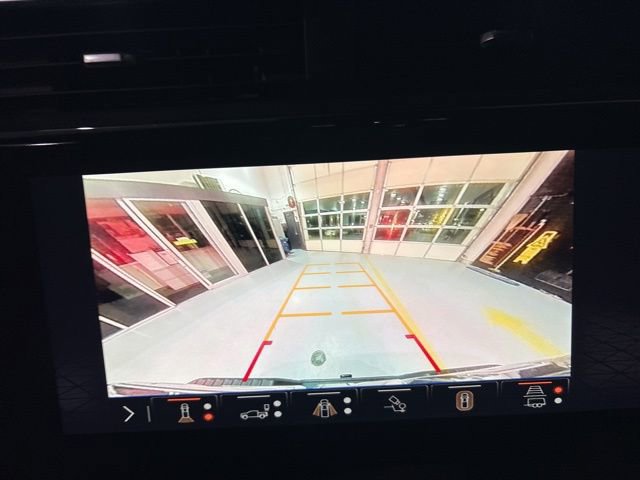 Used 2024 GMC Sierra 2500 Denali w/ Denali Reserve Package image 25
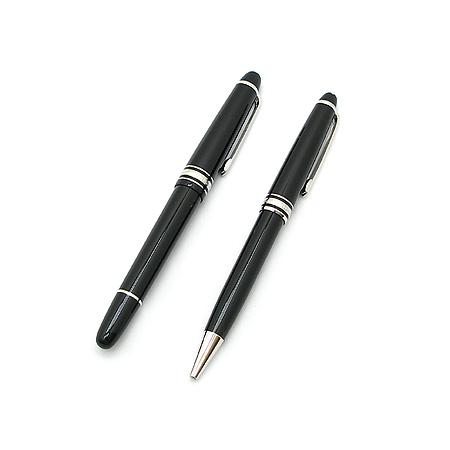 ������  ������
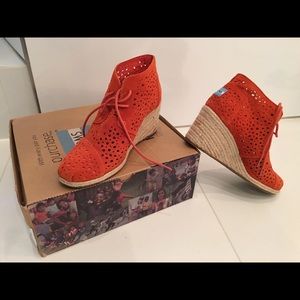 Toms espadrille-like wedges, orange suede lace up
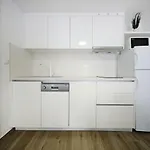 Pino With Pool, Sauna & Jacuzzi بيتريتْشاني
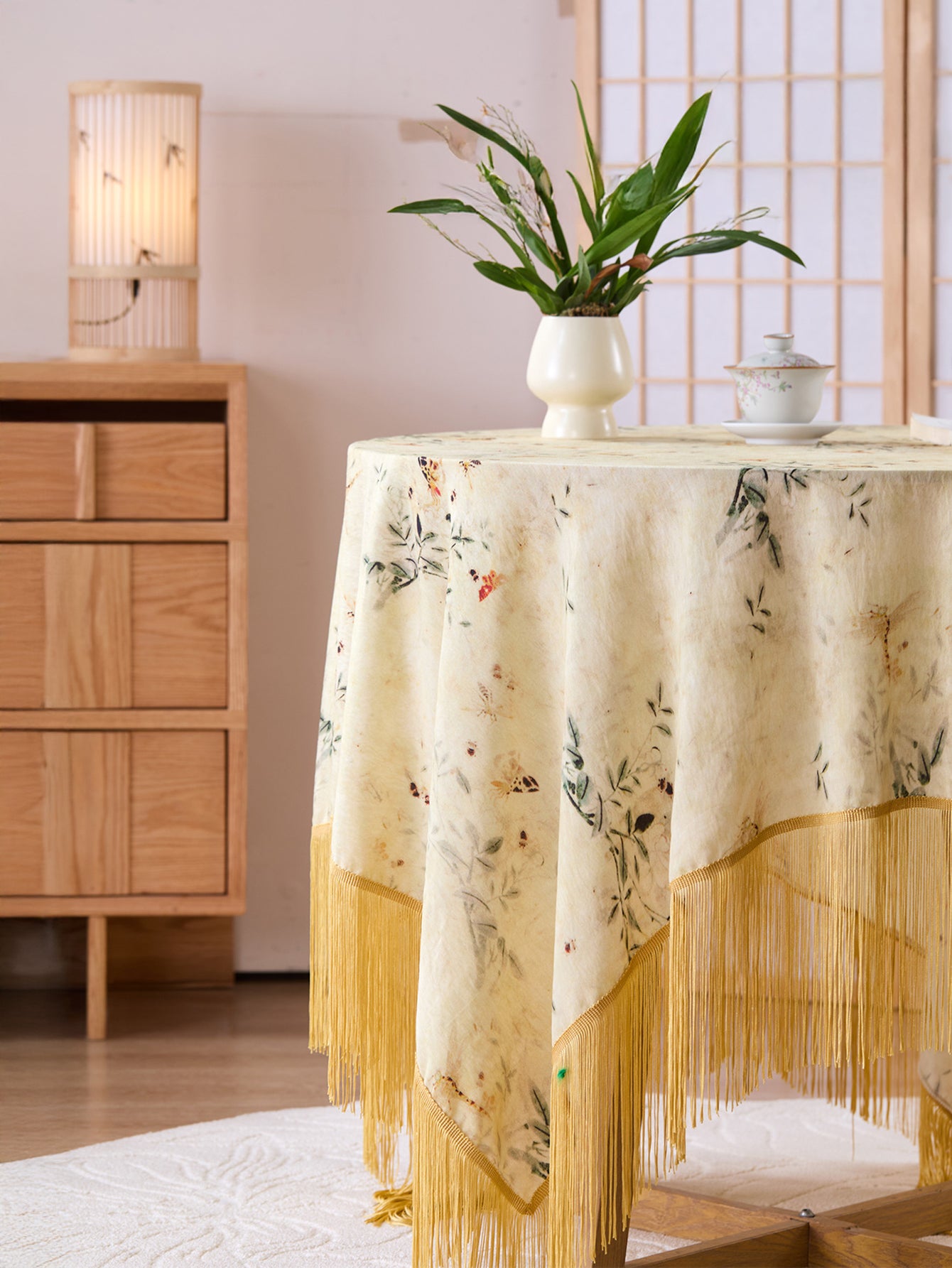 Chinoiserie Summer Courtyard Tablecloth with Tassel Trim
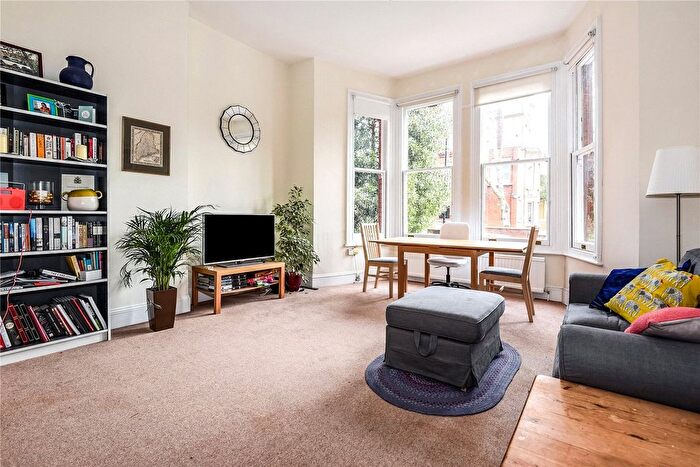 2 Bedroom Flat For Sale In Netherhall Gardens, London, NW3
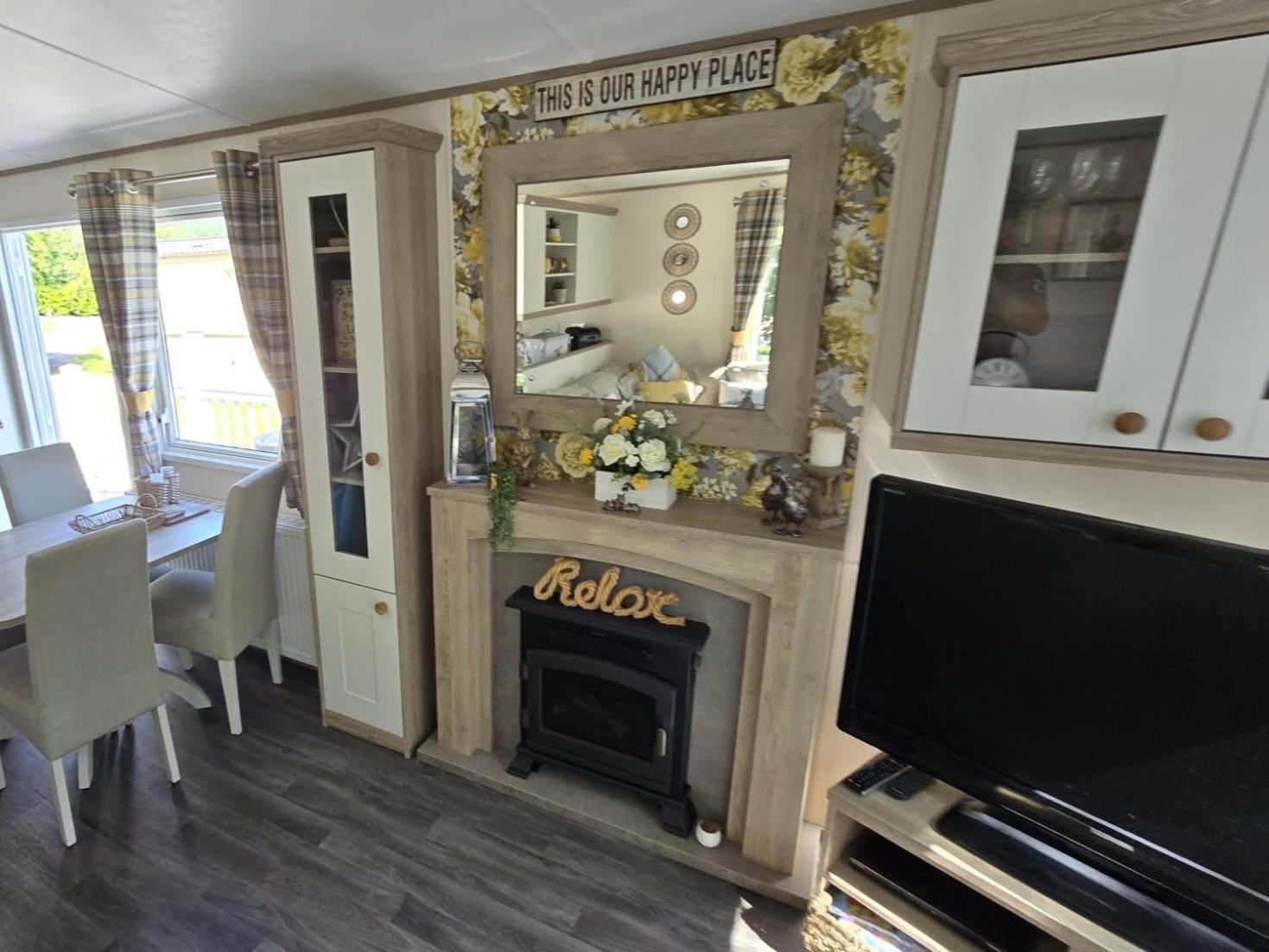 Luxury Lakeside Caravan With Hottub And Private Fishing Peg, Tattershall Lakes Dış mekan fotoğraf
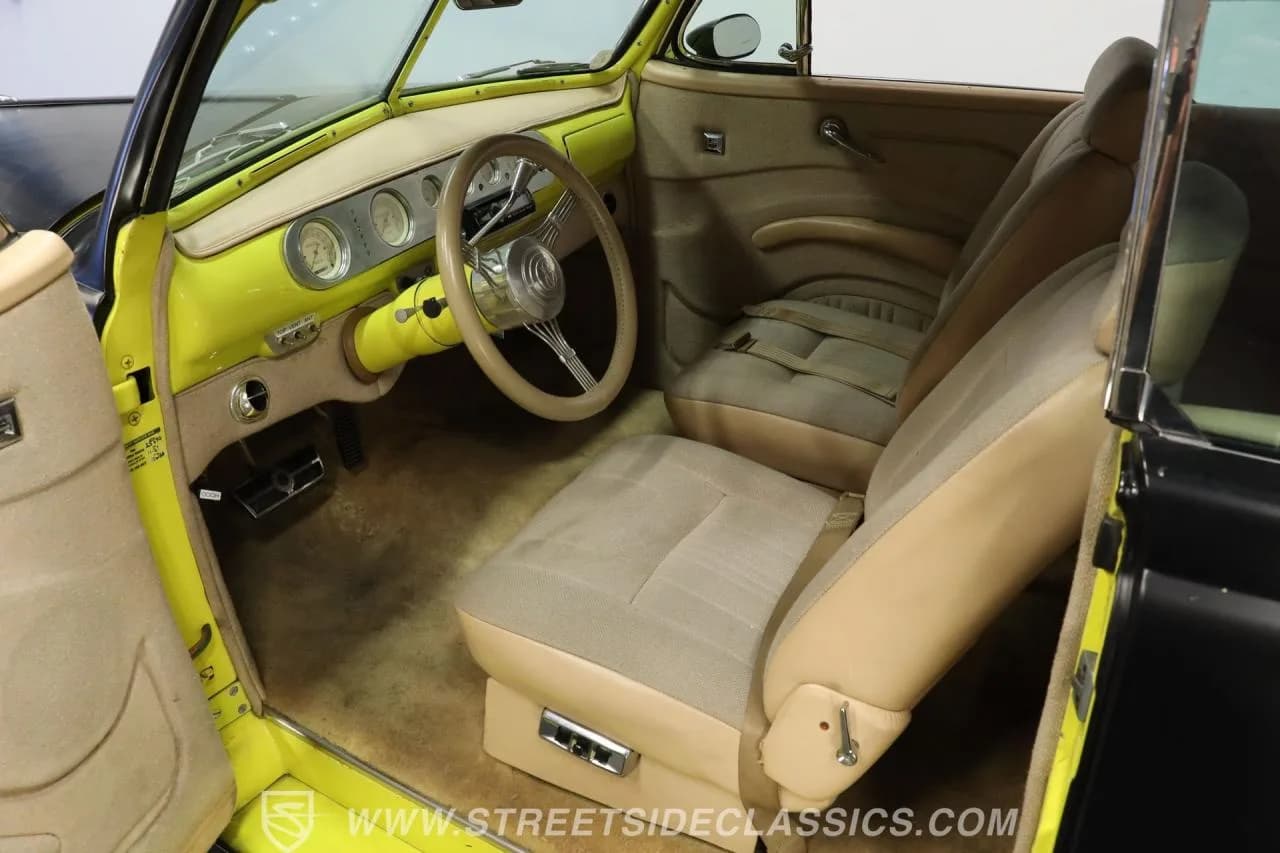 1946 Ford Deluxe Convertible - Thumbnail 4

::::::::::

Exercise description: The result should be an exact repetition of all the records. Drop the pictures.

Answer space:
 Used 2024 GMC Sierra 2500 Denali w/ Denali Reserve Package image 25
 ������  ������
 Toms espadrille-like wedges, orange suede lace up
 Pino With Pool, Sauna & Jacuzzi بيتريتْشاني
 Chinoiserie Summer Courtyard Tablecloth with Tassel Trim
 2 Bedroom Flat For Sale In Netherhall Gardens, London, NW3
 Luxury Lakeside Caravan With Hottub And Private Fishing Peg, Tattershall Lakes Dış mekan fotoğraf
 1946 Ford Deluxe Convertible - Thumbnail 4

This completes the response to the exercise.